--- Data shown Enclosed Below ---
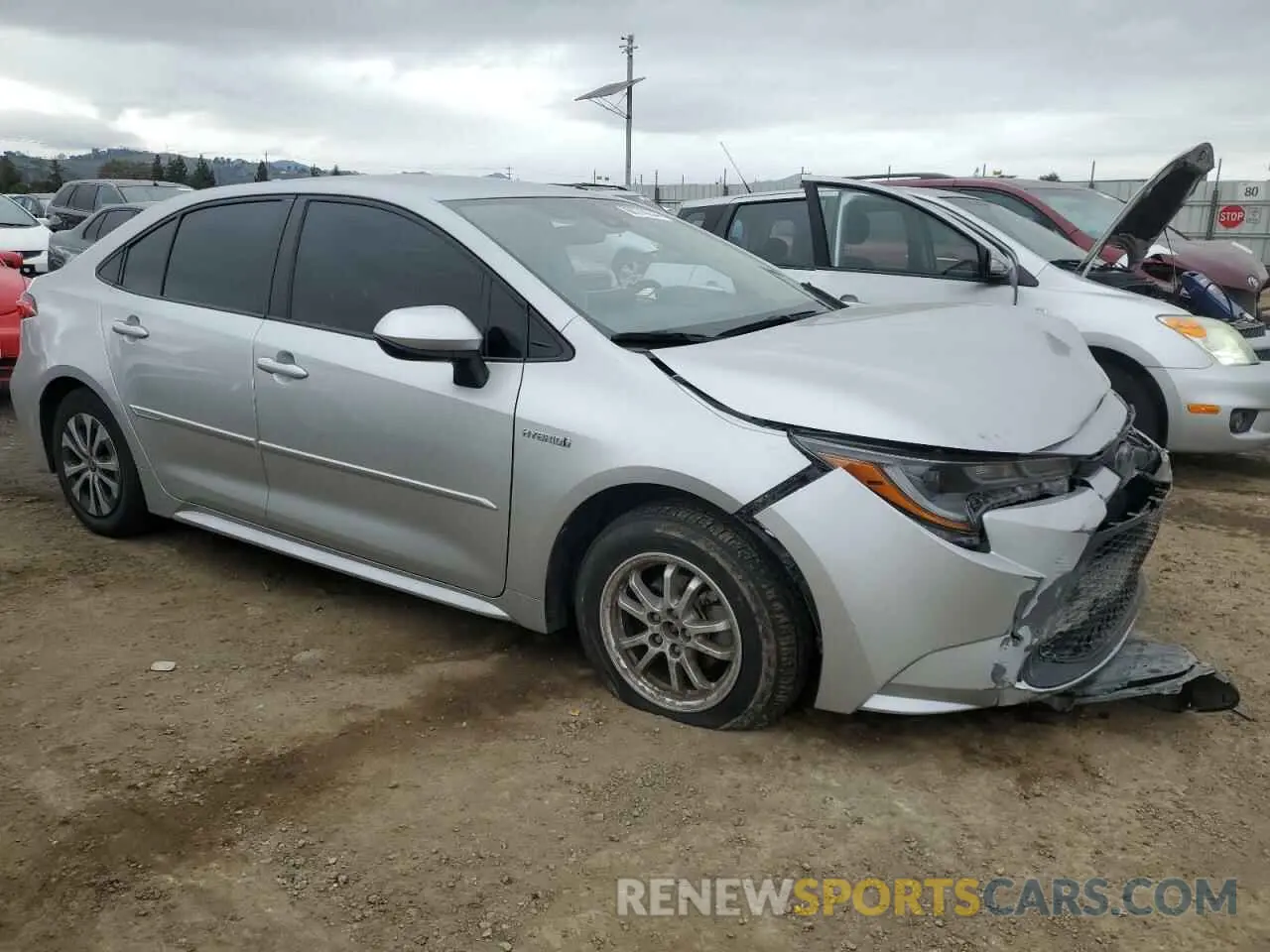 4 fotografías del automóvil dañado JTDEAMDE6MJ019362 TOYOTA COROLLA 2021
--- End of Enclosed Data shown ---
--- Data shown Enclosed Below ---
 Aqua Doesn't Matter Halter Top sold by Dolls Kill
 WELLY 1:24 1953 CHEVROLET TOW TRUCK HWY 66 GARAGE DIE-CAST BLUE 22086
--- End of Enclosed Data shown ---
**What this task involves**
In the entries above, find the line with "Aqua Doesn't Matter" and the line with "WELLY 1:24 1953", then restate word for word both of them and every line between, with nothing more.

**Response to this task**
 Aqua Doesn't Matter Halter Top sold by Dolls Kill
 WELLY 1:24 1953 CHEVROLET TOW TRUCK HWY 66 GARAGE DIE-CAST BLUE 22086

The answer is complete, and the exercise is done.